During the course, students from both countries will learn the science behind restoration and conservation and the cultural differences and similarities between Brazil and the U.S. that result in different approaches to the environment. The Paraná River and Illinois River systems will serve as case studies and students from both countries will work together on group projects.
“My objective in designing this course was to explore the cultural interpretation of conservation and the same for restoration ecology in a world where the terms become harder to interpret and there is more on the line (not only loss of resources, but re-definition of what resource is, and the influx of huge business interests) both for the loss of and the conservation of natural resources,” said Lemke.
While in Brazil, UIS students also had the chance to view Iguassu Falls, one of the seven natural wonders of the world, and got a technical tour of the Itaipu Dam, the largest hydroelectric dam in the world (in terms of consistent power output.
“Besides the amazing sites, the great science, and meeting wonderful people, the most significant aspect of the trip for me was to be able to see students from two continents that spoke different languages develop friendships with one another,” said Dungey.

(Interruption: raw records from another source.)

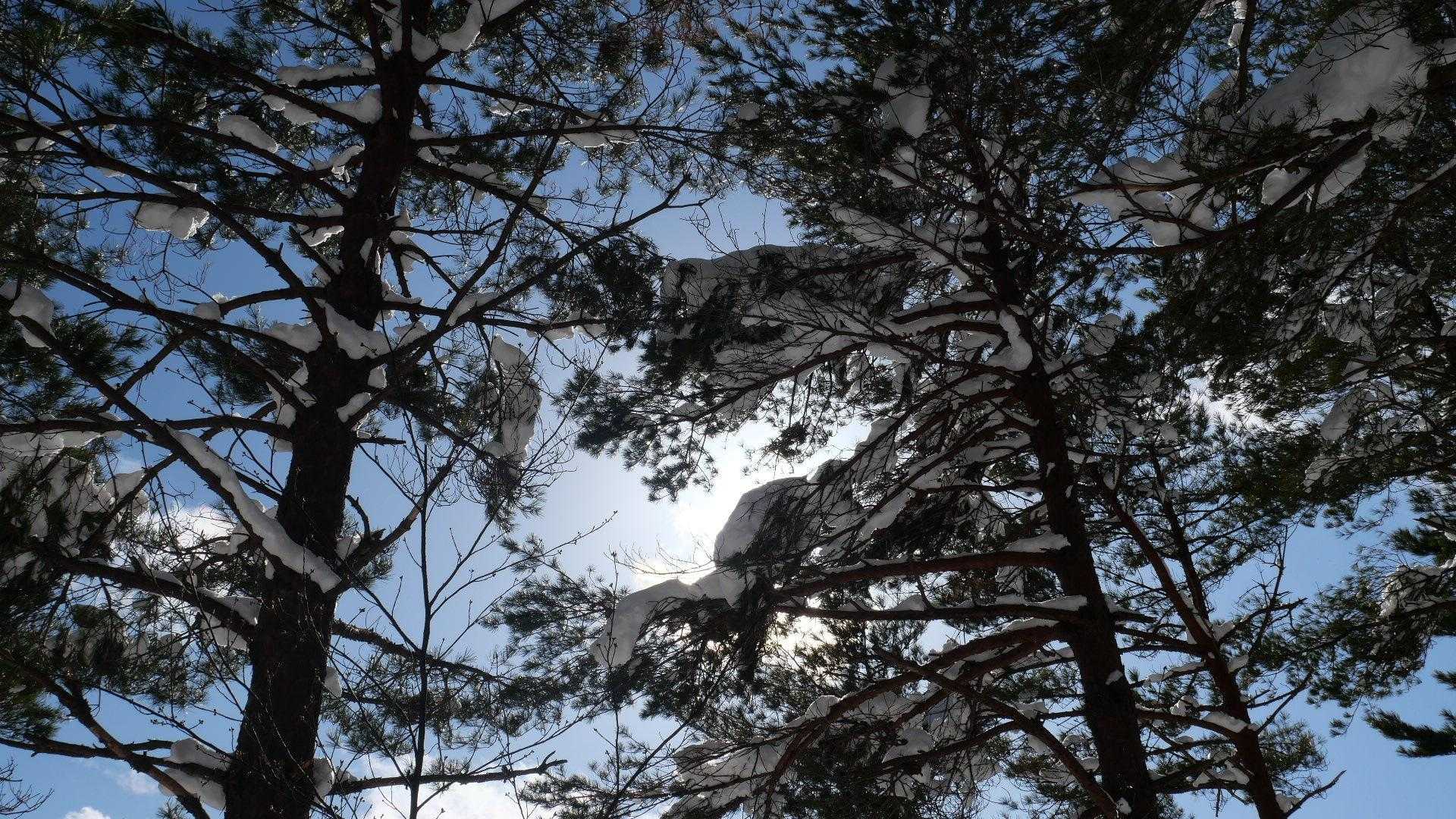 松の枝には雪が融けずに乗っかってる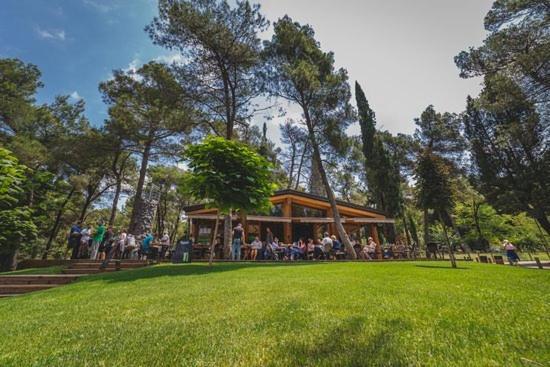 Gallery Daire Podgoriçe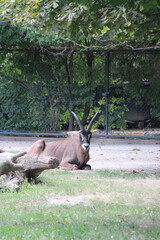 roan antelope in a zoo in vienna in austria  © frdric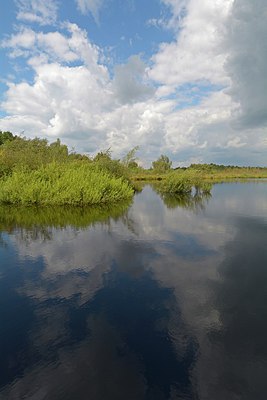 BUITEN BEELD Foto: 250968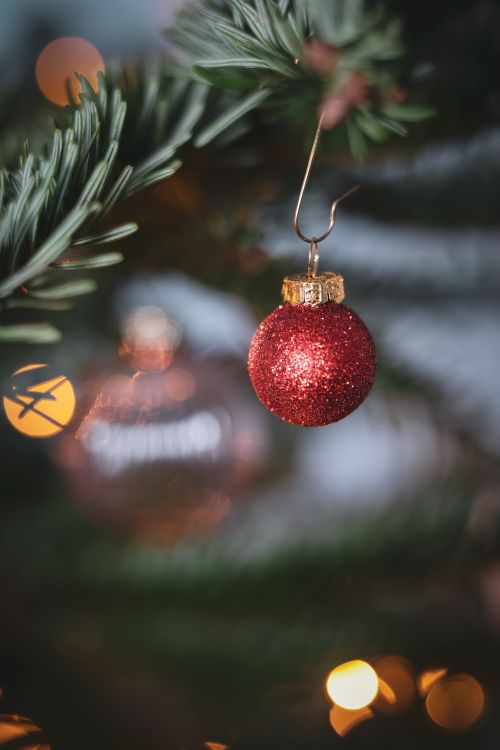 Free Glittery red ornament hanging on a Christmas tree branch, creating a festive holiday ambiance. Stock Photo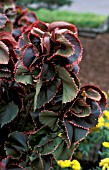 ACALYPHA WILKESIANA, FIRE DRAGON,  MULTICOLOUR, LEAVES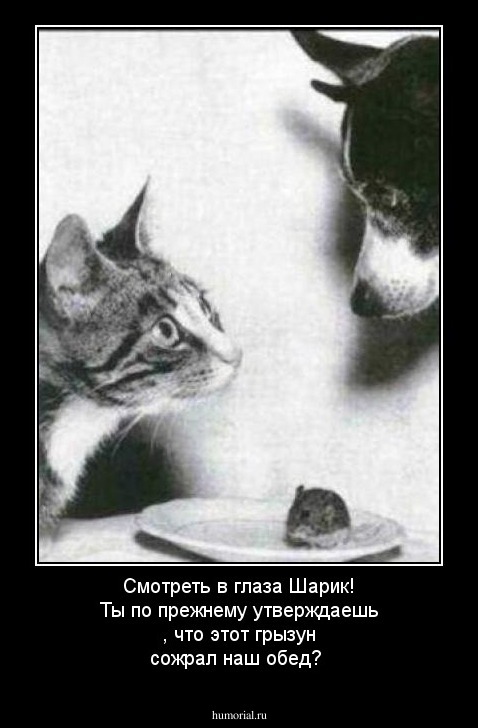 Смотреть в глаза Шарик! Ты по прежнему утверждаешь , что этот грызун сожрал наш обед? 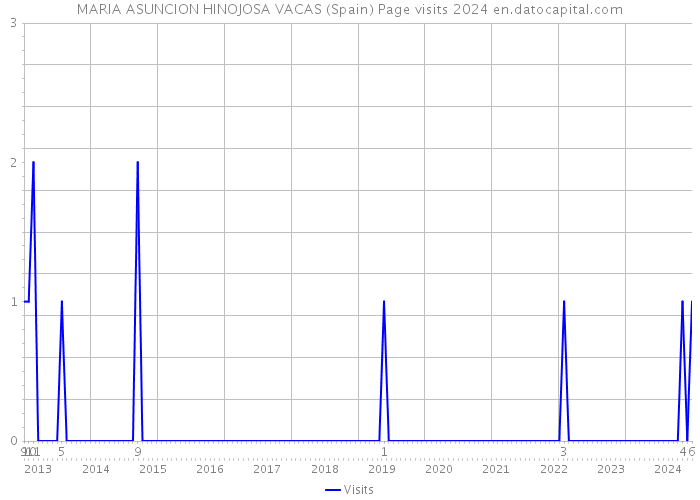 MARIA ASUNCION HINOJOSA VACAS (Spain) Page visits 2024 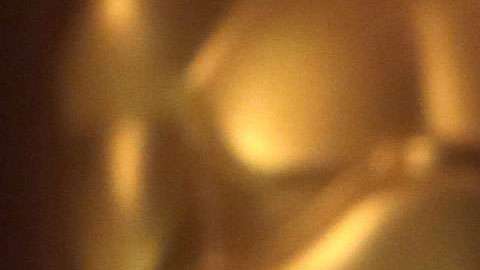 Alejandro González Iñarritu recibió un Óscar especial.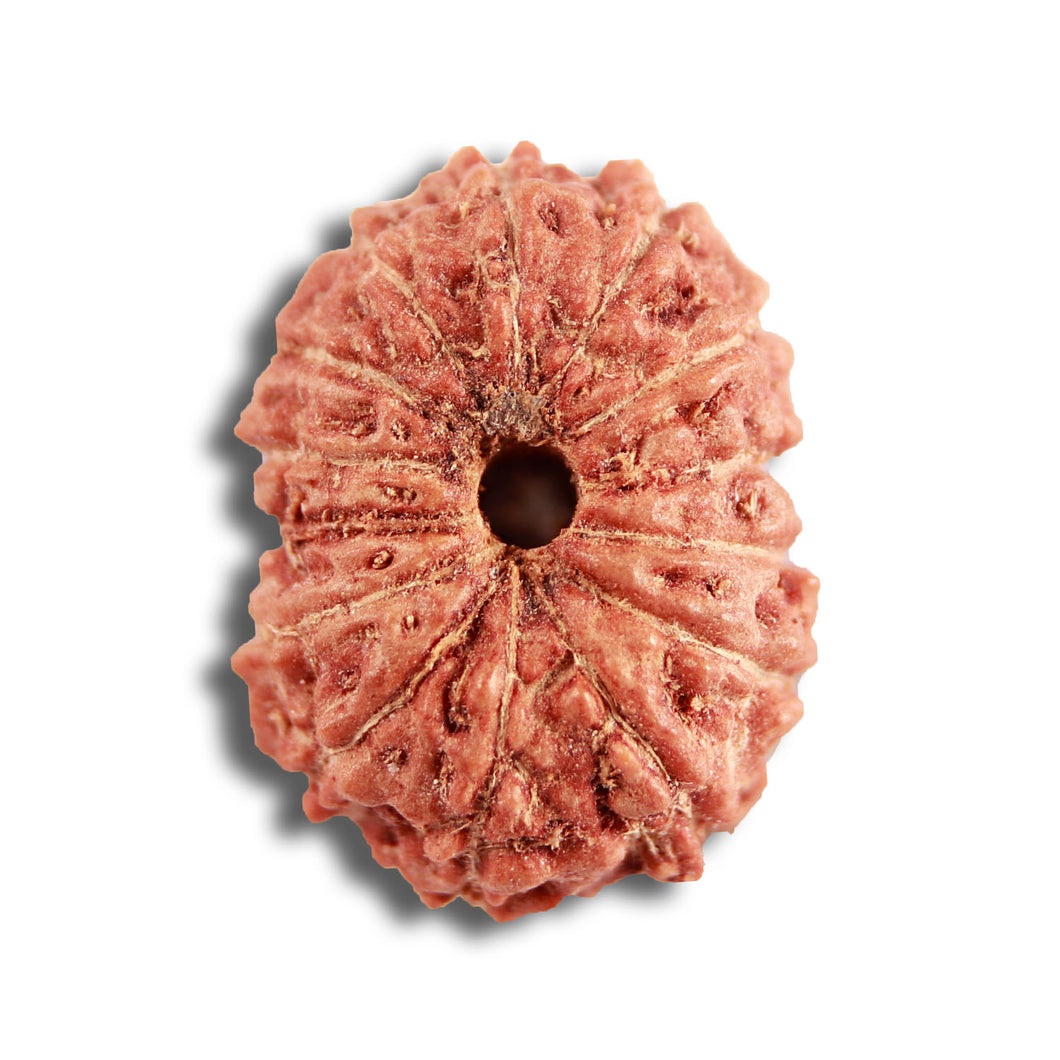 14 mukhi Indonesian Rudraksha -  Bead No. 288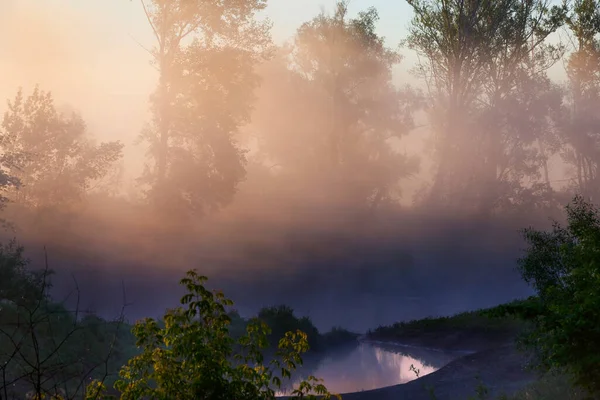 夏の風景朝霧の木々の間から昇る太陽の明るい光 — ストック写真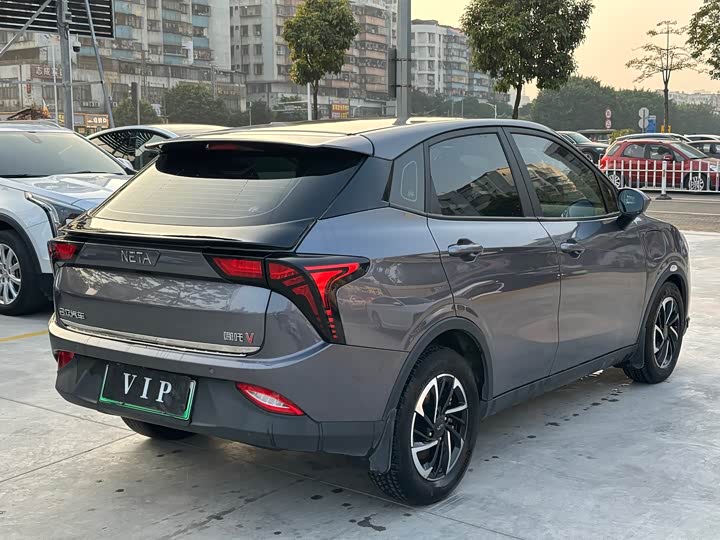 Фото 6 - Hozon V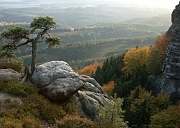 �esk� �v�carsko II  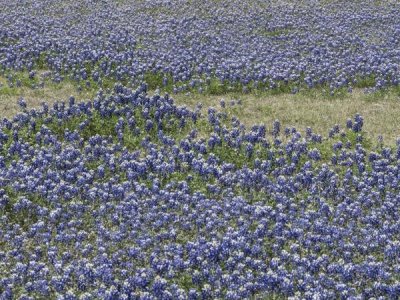 Carol Highsmith - A profusion of Bluebonnets, in a field in Boerne, TX
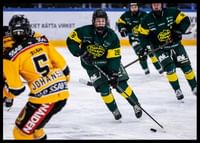 Framåt IF Björklöven-2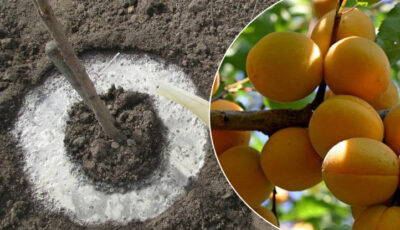 Чим підживити абрикос весною, щоб плоди були великі та солодкі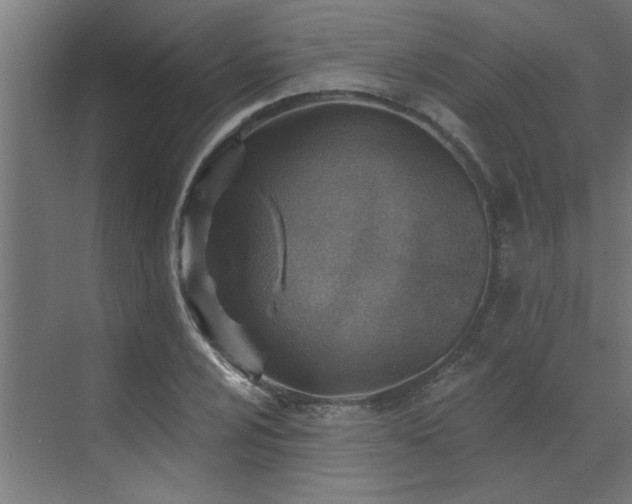 X0000072971024200607211218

This summer’s project grew out of a ten year research collaboration between Professor Lemke and UEM scientists. The program was partially funded by a $25,000 Innovation Fund grant from the Coca-Cola Foundation-sponsored competition, “100,000 Strong in the Americas”, which was administered by Partners for the Americas. The goal of this fund is to increase college student exchange between North and South America, for the purpose of furthering international understanding and student career development. UIS was one of only eight United States institutions to receive the award.